All classifiers extend scikit-learn’s TransformerMixin and implement a standard three-method interface: fit, transform, and predict. The Core engine calls them in sequence, writing each classifier’s output as a boolean column to the suspicions DataFrame.
Convention
Classifiers use one of two prediction conventions. The Core engine normalizes both to a boolean in suspicions.xz:
| Classifier type | Raw prediction | Normalized to |
|---|
| Numeric (KMeans, polynomial) | -1 = suspicious, 1 = normal | True / False |
| Boolean (rule-based) | True = suspicious, False = normal | used as-is |
The Core.predict() method handles the conversion:
def predict(self, model, name):
model.transform(self.dataset)
prediction = model.predict(self.dataset)
self.suspicions[name] = prediction
if prediction.dtype == np.int:
self.suspicions.loc[prediction == 1, name] = False
self.suspicions.loc[prediction == -1, name] = True
Chamber of Deputies Classifiers
MealPriceOutlierClassifier
Detects meal reimbursements whose value is abnormally high compared to what other congresspeople paid at the same restaurant (identified by CNPJ).

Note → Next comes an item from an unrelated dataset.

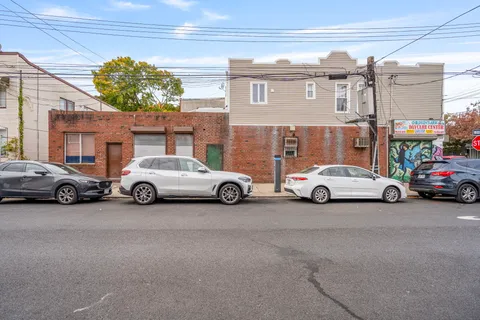 an aerial view of a building with cars parked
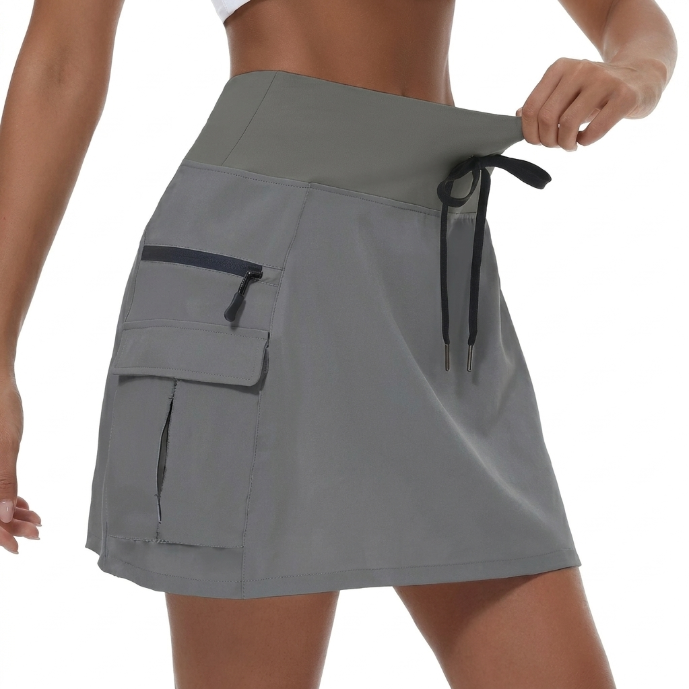 Skort deportivo mujer, falda-short de talle alto para actividades, con prácticos bolsillos.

Source: rosie/chamber_of_deputies/classifiers/meal_price_outlier_classifier.py
Settings key: meal_price_outlier
Required columns
| Column | Type | Description |
|---|
applicant_id | string | Personal identifier for the person making expenses |
category | category | Expense category — only "Meal" rows are evaluated |
net_value | float | Value of the expense in BRL |
recipient | string | Name of the supplier |
recipient_id | string | CNPJ or CPF of the supplier |
Algorithm
The classifier uses KMeans clustering (k=3) on per-restaurant statistics:
self.cluster_model = KMeans(n_clusters=3)
self.cluster_model.fit(companies[self.CLUSTER_KEYS]) # CLUSTER_KEYS = ['mean', 'std']
- Only rows where
category == "Meal" and recipient_id is a 14-digit CNPJ are considered. Restaurants with “hotel” in their name are excluded to avoid conflating accommodation costs with meals.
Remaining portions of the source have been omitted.